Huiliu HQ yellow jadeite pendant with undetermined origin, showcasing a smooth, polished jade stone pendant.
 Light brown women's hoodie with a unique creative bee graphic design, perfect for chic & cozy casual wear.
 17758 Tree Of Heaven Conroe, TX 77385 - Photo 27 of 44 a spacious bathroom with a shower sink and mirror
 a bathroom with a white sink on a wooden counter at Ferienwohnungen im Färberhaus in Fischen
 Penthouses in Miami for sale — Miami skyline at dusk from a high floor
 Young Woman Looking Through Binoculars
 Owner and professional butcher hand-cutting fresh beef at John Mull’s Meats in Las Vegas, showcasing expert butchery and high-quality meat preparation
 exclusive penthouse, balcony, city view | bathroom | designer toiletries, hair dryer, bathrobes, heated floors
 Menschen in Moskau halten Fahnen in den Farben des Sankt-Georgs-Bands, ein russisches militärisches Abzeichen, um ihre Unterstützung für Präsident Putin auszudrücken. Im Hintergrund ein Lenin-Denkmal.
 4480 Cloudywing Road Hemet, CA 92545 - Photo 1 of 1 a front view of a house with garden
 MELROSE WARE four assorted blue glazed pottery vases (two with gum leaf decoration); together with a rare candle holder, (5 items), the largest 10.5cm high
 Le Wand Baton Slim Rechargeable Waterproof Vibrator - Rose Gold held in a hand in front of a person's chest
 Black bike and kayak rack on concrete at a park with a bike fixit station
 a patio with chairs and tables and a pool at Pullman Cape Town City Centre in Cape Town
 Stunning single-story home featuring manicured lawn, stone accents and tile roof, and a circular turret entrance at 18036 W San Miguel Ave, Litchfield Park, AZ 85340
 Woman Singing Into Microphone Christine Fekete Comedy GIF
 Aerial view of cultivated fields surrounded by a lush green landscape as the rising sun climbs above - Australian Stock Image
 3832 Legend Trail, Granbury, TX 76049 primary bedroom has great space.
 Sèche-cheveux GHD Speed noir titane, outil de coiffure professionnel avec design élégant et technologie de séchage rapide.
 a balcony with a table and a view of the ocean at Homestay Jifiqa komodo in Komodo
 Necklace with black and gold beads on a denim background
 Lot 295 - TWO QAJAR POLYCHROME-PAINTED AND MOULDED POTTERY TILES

##########

§ **Task objective**
The reply should hold only how many lines in the material include the word "showcasing".

§ **Problem solution**
2